All pretty straightforward, right? Wrong. -webkit-device-pixel-ratio is, as mentioned, a WebKit-proprietary CSS extension and not part of the Media Queries specification. The spec actually contains a similar query, resolution. This query immediately improves upon -webkit-device-pixel-ratio by being more flexible in the values it accepts; you can, for example, use the dpi unit. Remember, a standard monitor resolution has a DPI (or PPI) of 96; that being the case, you can target those monitors with this code:

@media screen and (resolution: 96dpi) {
  E { background-image: url('foo.png'); }
}

But you can also target higher-resolution screens by multiplying the standard count, 96, by the DPR. For example, the following query applies to devices with a DPR of 2 or above, just like in the -webkit-device-pixel-ratio example a few paragraphs ago:

@media screen and (min-resolution: 192dpi) {
  E { background-image: url('foo-hires.png'); }
}

You can do this in an even better way, however, by using the dppx unit. This unit is equivalent to the DPR, so an updated version of the previous example employs this code:

@media screen and (min-resolution: 2dppx) {
  E { background-image: url('foo-hires.png'); }
}

-webkit-device-pixel-ratio has been around since the iPhone was launched in 2006, and an awful lot of legacy devices are out there, so this extension is not going anywhere in a hurry. That being the case, you’re probably going to have to test for both by extending the media query with a little extra logic. As previously mentioned, using a comma-separated list of media queries means the rules are applied if any one of them is true:

@media screen and (min-resolution: 2dppx), screen and (-webkit-min-device-resolution: 2)  {
  E { background-image: url('foo-hires.png'); }
}

This logic tests that the device has a DPR of at least 2 but works in both legacy WebKit browsers and in ones that are compliant to the spec.

Note

To complicate matters further, some browsers—such as Opera Mobile—allow you to change the device pixel ratio.

Device Adaptation

Mobile browsers are capable of scaling websites for better presentation on small screens but presume that most websites are aimed at desktop browsers. This presumption means that, by default, they show a site zoomed out/scaled down in order to accommodate the whole thing (or as much as possible) on screen. This is generally known as the layout viewport, and the drawback of the layout viewport is that the zoomed-out view can leave sites that are optimized for mobile looking very small indeed (you can see it in the “before” state in Figure 3-3).

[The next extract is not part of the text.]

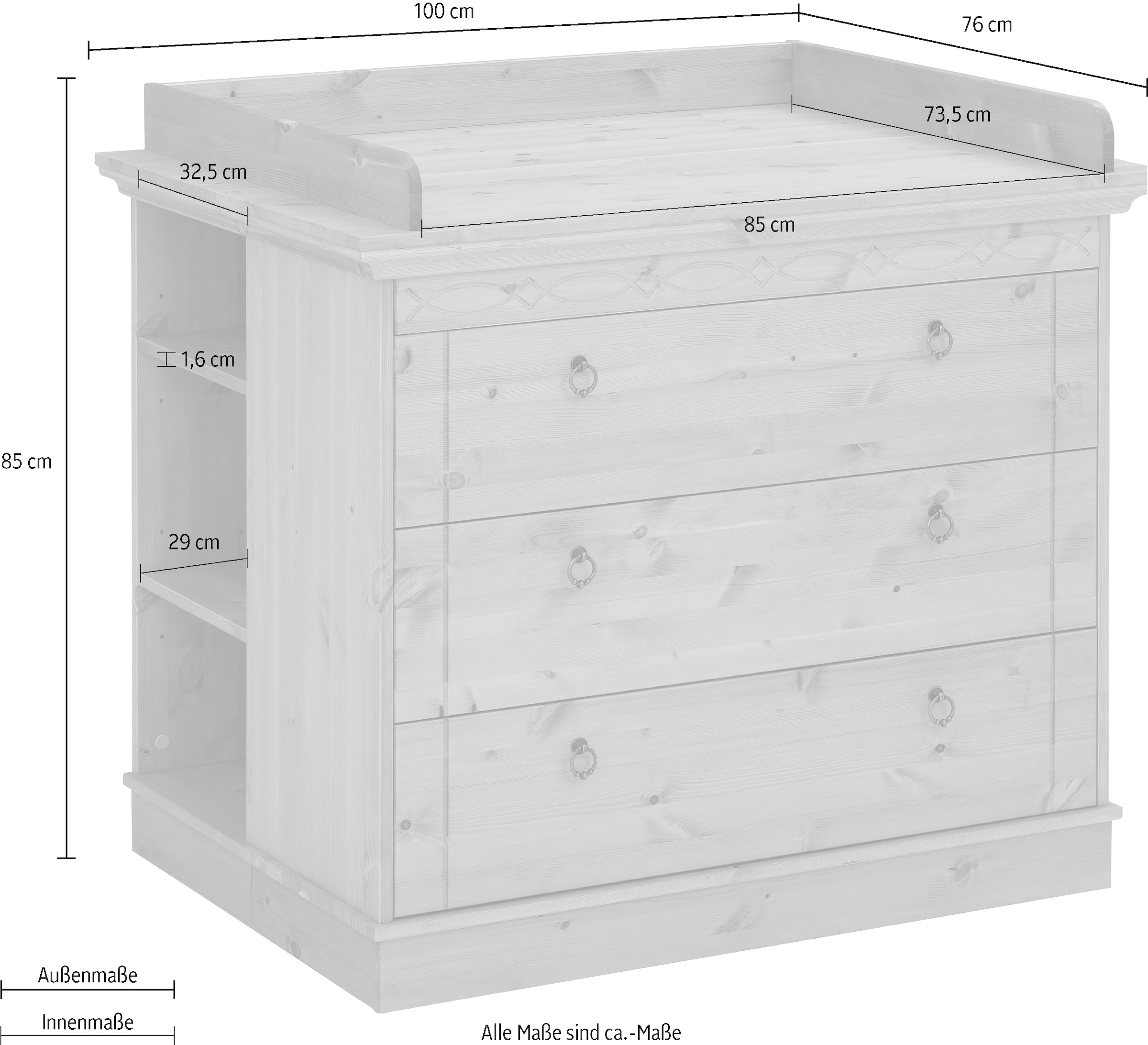 Lüttenhütt Wickelkommode »Indra, Landhausstil, viel Stauraum«, FSC® zertifiziertes Massivholz, inklusive Unterbauregal und Aufsatz, 100 cm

The same page displayed on an iPhone before (left) and after (right) the application of the viewport meta tag
Figure 3-3. The same page displayed on an iPhone before (left) and after (right) the application of the viewport meta tag

The solution that Apple came up with when they created Safari for iPhone was to ask developers to add a special tag, known as the viewport meta tag, in the head of their documents. This tag is used to control the dimensions and scaling of the browser viewport. Here’s an example:

<meta name="viewport" content="width=device-width">

You can use a number of different values in the content attribute, but the ones in this code mean: “Make the width of this document the same as the width of this device.” The difference can be clearly seen in Figure 3-3, which shows the same document before and after this tag is applied. In the before shot, the browser has automatically adjusted the main body text to better fit the screen, but the heading and image are very small; in the after shot, the heading and image are more naturally sized for the screen.

A device’s width will vary, but it is also affected by DPR. The iPhone 3GS screen is, as mentioned, 320px. But although the iPhone’s “retina” screen has a physical pixel count of 640px, as it has a DPR of 2, it only counts 320px—the DIPs—when the viewport meta tag is used with the device-width value.

Other parameters used in this tag control the initial zoom level of the page and whether the user has control over zooming it. In this example, the initial zoom level is 1.5x, and the user will not be able to change that:

<meta name="viewport" content="initial-scale=1.5,user-scalable=no">

Warning

Taking the option to zoom out of users’ hands can be extremely annoying; think carefully before applying this option.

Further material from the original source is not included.